Calculate the mass and volume of oxygen required for interaction with 6.2 g
Calculate the mass and volume of oxygen required for interaction with 6.2 g of phosphorus as a result of the reaction, phosphorus oxide is formed 5.
The synthesis reaction of pentavalent phosphorus oxide is described by the following chemical reaction equation:
4P + 5O2 = 2P2O5;
4 phosphorus atoms interact with 5 oxygen molecules.
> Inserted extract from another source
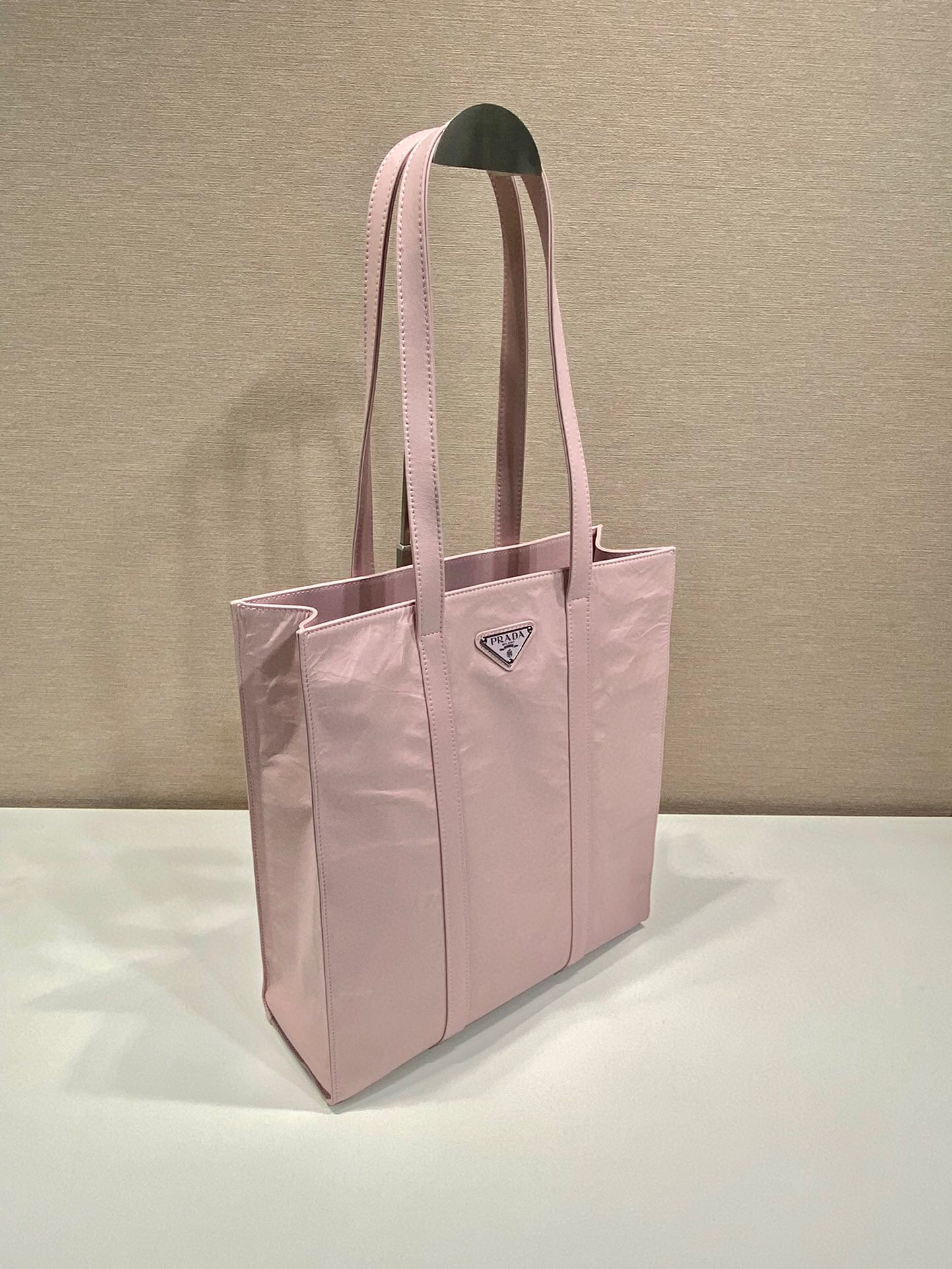 Prada Small Antiqued Nappa Tote Bag In Pink/Black For Women 12.9 in/ 33cm 1BG459_UVL_F0E18_V_OOO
During the reaction, 2 molecules of pentavalent phosphorus oxide are synthesized.
Let’s calculate the chemical amount of a substance contained in phosphorus weighing 6.2 grams.
M P = 31 grams / mol;
N P = 6.2 / 31 = 0.2 mol;
0.2 mol of phosphorus will react with 0.2 x 5/4 = 0.25 mol of oxygen.
Let’s calculate its volume.
To do this, multiply the amount of oxygen by the volume of 1 mole of gas.
1 mole of ideal gas fills a volume of 22.4 liters under normal conditions.
V O2 = 0.25 x 22.4 = 5.6 liters;
The oxygen weight will be:
M O2 = 16 x 2 = 32 grams / mol;
m O2 = 0.25 x 32 = 8 grams;